The Solaris WBEM Services 2.5 daemon cannot locate providers that are written to the com.sun.wbem.provider interface or to the com.sun.wbem.provider20 interface. Even if you create a Solaris_ProviderPath instance for a provider that is written to these interfaces, the Solaris WBEM Services 2.5 daemon does not locate the provider.
Workaround: To enable the daemon to locate such a provider, stop and restart the Solaris WBEM Services 2.5 daemon.
# /etc/init.d/init.wbem stop # /etc/init.d/init.wbem start
Note - If you use the javax API to develop your provider, you do not need to stop and restart the Solaris WBEM Services 2.5 daemon. The Solaris WBEM Services 2.5 daemon dynamically recognizes javax providers.
If you choose to use the com.sun application programming interface rather than the javax application programming interface to develop your WBEM software, only Common Information Model (CIM) remote method invocation (RMI) is fully supported.

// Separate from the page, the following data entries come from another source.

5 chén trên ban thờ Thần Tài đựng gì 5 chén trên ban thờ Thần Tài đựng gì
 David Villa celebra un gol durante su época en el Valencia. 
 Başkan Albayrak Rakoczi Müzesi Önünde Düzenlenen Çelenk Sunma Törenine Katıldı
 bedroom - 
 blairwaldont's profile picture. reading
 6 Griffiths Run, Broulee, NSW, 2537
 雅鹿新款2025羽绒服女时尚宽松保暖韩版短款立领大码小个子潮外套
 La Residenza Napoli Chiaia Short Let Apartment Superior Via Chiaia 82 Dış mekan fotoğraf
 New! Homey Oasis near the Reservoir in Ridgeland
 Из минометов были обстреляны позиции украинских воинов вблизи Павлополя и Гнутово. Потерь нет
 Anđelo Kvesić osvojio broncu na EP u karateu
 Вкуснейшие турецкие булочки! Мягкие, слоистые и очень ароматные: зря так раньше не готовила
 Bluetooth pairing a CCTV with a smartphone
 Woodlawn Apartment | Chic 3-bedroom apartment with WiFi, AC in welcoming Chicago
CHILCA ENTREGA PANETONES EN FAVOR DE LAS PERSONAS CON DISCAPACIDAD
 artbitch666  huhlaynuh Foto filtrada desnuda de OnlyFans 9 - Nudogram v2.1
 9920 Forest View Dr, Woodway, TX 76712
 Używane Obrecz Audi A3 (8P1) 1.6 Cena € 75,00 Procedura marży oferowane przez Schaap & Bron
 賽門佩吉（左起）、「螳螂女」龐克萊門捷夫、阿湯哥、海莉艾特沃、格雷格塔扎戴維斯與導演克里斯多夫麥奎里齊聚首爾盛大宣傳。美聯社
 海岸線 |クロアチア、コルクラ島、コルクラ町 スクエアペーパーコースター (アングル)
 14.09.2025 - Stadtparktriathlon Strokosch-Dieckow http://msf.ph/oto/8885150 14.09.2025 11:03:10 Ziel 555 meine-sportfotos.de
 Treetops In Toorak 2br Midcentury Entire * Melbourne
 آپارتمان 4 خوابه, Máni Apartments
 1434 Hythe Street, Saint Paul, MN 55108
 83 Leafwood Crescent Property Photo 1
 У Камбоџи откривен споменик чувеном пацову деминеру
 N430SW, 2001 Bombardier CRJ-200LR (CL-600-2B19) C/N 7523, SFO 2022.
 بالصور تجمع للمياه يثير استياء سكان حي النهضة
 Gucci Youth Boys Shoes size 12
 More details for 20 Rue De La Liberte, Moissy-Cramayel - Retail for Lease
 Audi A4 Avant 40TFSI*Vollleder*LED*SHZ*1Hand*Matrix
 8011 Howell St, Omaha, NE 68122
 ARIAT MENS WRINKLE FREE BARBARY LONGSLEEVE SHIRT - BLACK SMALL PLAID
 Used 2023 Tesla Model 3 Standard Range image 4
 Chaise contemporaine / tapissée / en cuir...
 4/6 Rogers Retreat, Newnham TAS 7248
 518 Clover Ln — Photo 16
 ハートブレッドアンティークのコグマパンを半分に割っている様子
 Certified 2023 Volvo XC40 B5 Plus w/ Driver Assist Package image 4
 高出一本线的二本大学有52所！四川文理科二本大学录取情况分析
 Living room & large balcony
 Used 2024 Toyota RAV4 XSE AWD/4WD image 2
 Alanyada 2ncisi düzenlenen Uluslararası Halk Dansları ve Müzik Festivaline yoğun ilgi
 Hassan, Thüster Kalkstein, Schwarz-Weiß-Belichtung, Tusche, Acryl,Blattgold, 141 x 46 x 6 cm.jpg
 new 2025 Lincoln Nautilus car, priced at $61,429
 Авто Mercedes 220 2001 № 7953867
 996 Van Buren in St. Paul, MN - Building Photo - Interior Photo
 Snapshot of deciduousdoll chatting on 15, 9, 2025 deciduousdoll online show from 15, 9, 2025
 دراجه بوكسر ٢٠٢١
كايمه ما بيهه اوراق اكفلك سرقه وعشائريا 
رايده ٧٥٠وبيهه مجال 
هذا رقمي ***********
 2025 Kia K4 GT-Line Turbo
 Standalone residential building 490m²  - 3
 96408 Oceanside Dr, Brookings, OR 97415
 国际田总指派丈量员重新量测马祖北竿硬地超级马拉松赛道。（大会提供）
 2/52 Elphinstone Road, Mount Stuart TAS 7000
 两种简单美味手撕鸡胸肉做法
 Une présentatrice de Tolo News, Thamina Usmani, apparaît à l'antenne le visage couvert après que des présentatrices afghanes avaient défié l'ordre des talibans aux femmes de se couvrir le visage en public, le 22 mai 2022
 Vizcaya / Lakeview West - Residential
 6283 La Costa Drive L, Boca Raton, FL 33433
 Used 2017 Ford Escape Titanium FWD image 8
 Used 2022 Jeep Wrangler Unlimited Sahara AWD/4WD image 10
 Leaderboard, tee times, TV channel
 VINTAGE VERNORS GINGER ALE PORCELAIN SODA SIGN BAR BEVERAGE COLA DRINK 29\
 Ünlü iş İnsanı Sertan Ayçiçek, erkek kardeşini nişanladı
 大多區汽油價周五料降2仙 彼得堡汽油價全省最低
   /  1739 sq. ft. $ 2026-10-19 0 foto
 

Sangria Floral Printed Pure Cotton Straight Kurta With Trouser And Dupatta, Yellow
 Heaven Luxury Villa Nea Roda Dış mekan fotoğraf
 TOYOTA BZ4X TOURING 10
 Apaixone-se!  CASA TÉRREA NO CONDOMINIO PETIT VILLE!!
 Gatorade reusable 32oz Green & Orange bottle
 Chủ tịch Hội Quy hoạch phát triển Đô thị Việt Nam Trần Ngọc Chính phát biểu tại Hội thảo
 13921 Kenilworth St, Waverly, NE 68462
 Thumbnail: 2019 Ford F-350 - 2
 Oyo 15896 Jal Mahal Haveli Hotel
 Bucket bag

Other protocols, such as XML/HTTP, are not guaranteed to work completely with the com.sun application programming interface.
The following table lists examples of invocations that execute successfully under RMI but fail under XML/HTTP:
The Solaris Management Console Mounts and Shares tool cannot modify mount options on system-critical file systems such as root (/), /usr, and /var.
Workaround: Choose one of the following workarounds:
Use the remount option with the mount command.
# mount -F file-system-type -o remount, additional-mount-options \ device-to-mount mount-point
Note - Mount property modifications that are made by using the -remount option with the mount command are not persistent. In addition, all mount options that are not specified in the additional-mount-options portion of the previous command inherit the default values that are specified by the system. See the man page mount_ufs(1M) for more information.
Edit the appropriate entry in the /etc/vfstab file to modify the file-system mount properties, then reboot the system.